↓↓↓

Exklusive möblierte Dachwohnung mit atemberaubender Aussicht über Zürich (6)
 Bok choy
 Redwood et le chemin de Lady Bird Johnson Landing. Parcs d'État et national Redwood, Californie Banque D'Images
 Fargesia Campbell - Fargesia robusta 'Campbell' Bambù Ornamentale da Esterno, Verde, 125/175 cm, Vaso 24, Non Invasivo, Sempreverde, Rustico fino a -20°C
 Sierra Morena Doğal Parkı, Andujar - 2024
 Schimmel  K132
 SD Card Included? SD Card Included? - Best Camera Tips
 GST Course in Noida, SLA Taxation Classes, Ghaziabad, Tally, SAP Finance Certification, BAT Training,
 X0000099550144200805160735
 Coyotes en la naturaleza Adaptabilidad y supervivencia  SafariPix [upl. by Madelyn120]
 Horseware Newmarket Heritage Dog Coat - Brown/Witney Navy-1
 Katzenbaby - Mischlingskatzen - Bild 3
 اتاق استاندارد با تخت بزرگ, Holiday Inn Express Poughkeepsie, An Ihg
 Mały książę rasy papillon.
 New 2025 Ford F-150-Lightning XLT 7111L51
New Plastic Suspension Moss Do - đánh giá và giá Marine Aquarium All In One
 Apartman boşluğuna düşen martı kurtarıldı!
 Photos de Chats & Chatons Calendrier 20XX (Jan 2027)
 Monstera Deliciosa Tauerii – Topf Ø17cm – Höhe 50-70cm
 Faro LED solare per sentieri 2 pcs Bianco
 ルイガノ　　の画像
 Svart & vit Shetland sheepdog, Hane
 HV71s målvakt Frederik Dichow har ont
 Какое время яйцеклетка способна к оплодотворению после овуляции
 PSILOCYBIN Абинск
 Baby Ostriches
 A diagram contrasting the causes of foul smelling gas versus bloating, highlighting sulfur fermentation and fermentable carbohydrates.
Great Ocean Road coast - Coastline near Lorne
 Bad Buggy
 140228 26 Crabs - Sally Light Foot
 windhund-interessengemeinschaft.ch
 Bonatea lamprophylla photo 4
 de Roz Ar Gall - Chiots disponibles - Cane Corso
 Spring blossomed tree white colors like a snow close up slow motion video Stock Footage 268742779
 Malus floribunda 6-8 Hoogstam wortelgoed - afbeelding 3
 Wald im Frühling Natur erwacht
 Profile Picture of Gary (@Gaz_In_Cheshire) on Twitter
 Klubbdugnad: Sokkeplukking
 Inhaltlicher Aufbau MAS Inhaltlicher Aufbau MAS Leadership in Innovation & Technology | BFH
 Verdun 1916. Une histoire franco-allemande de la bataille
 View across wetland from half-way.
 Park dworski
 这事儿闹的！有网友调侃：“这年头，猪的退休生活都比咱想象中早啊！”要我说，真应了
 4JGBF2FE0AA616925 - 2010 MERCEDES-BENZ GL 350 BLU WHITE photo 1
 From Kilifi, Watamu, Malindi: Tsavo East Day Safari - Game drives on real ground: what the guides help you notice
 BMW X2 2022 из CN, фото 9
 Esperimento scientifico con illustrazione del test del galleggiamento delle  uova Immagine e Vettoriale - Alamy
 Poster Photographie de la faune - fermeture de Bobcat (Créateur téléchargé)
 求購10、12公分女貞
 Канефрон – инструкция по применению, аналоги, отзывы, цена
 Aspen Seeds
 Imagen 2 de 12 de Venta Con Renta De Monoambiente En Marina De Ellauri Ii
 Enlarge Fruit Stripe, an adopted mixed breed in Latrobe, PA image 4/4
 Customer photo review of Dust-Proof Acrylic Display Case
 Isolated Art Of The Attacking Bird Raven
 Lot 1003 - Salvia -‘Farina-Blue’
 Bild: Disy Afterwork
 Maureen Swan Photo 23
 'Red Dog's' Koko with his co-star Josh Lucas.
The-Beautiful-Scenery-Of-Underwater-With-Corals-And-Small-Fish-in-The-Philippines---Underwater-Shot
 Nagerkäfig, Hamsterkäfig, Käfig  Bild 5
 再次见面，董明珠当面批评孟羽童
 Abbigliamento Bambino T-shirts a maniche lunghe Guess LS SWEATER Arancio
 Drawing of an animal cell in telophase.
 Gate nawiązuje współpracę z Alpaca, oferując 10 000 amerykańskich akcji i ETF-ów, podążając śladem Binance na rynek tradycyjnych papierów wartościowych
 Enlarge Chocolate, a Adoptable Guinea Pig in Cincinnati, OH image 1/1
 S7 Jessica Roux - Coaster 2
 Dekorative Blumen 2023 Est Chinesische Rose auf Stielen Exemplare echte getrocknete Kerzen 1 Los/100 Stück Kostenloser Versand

↑↑↑

Exercise requirements
Select and copy every line of the material that holds the string "Enlarge".

The answer
 Enlarge Fruit Stripe, an adopted mixed breed in Latrobe, PA image 4/4
 Enlarge Chocolate, a Adoptable Guinea Pig in Cincinnati, OH image 1/1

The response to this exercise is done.